Na acção declarativa de condenação, sob a forma ordinária, que B… instaurou contra C…, ambos devidamente identificados nos articulados, foi proferido, depois de observado o disposto no art. 512º do CPC, o seguinte despacho de admissão dos meios de prova requeridos pelas partes (transcreve-se o despacho nas partes que para aqui interessam):
“D) A fls. 247/248, ponto n° 1, o Autor veio pedir a notificação de D… para juntar aos autos «o documento escrito de doação pelo seu marido», e ora Autor, das 250.000 acções da «E…, S.A.».
Fá-lo, segundo ele próprio alega, com vista «à contraprova do número 8° da Base Instrutória».
Simplesmente - e dizemo-lo, desde já -, a pretensão do Autor não merece acolhimento.
Com efeito, o quesito 8° foi construído com base na factualidade alegada pelo Autor na sua petição inicial, encerrando, pois, matéria fáctica que a ele compete demonstrar, de acordo com as regras de repartição do ónus da prova (art. 342º nº 1 do Cód. Civil).
Logo, ao Autor não compete fazer a contraprova da factualidade vertida naquele quesito, ou seja, não lhe cabe tornar esse facto duvidoso (art. 346° do Cód. Civil).

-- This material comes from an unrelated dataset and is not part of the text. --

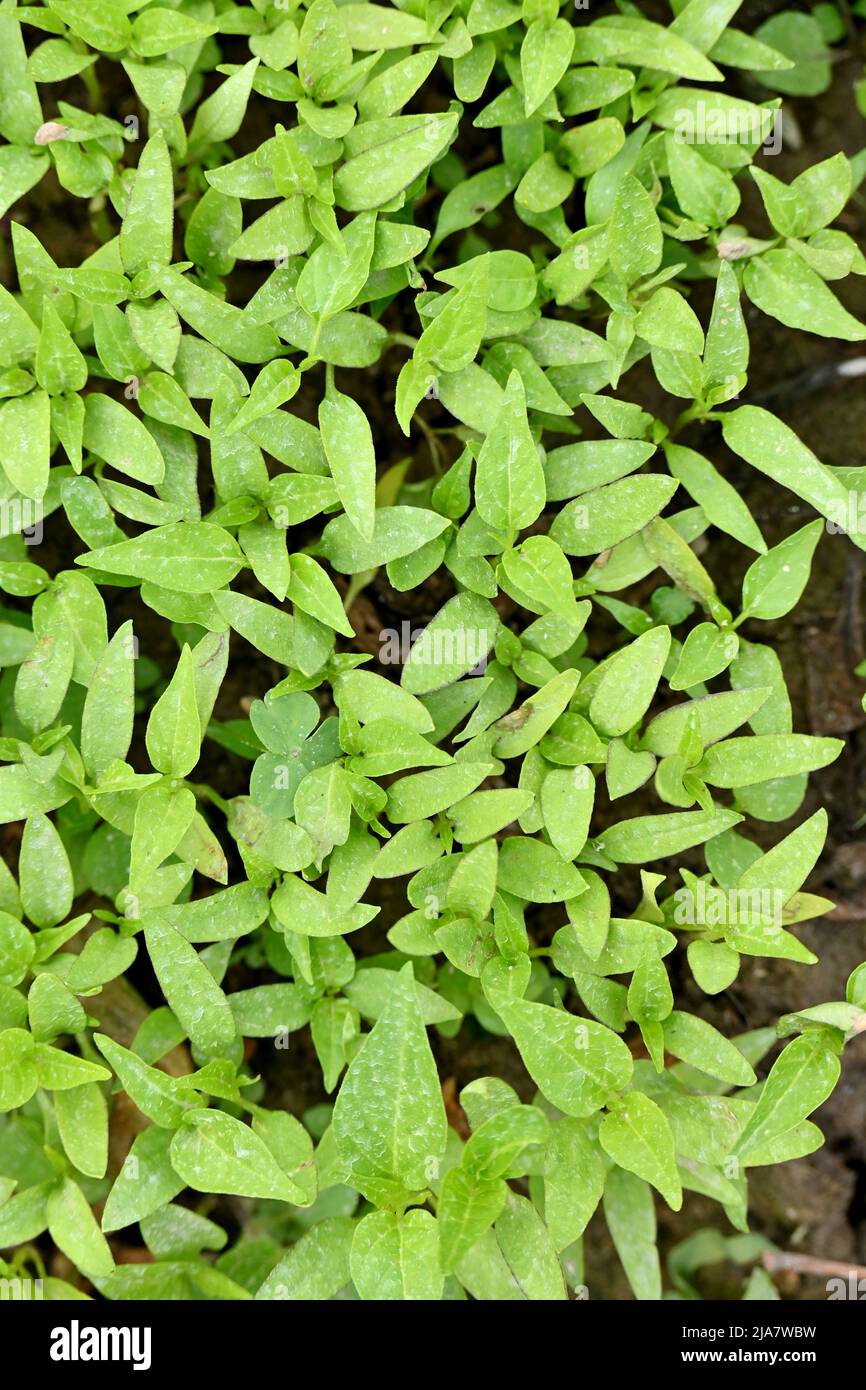 primo piano il mazzo mature piccola pianta peperoncino cumulo di terreno e crescere con foglie nella fattoria morbido fuoco naturale marrone verde sfondo. Foto Stock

Compete, isso sim, o ónus probatório daquela matéria fáctica.
Deste modo, competindo ao Autor provar, na sequência do que alegou, que não doou, ou por qualquer outra forma transmitiu, aquelas 250.000 acções ao portador à accionista D…, sua mulher, é absolutamente injustificado o pedido, por ele formulado, de notificação da referida D… para juntar aos autos «o documento escrito» da apontada doação, na medida em que a mesma, na sua óptica, afinal, inexistiu.
Assim, indefiro o pedido, formulado pelo Autor no ponto nº 1 de fls. 247/248, de notificação de D… para juntar aos autos o documento aí referido.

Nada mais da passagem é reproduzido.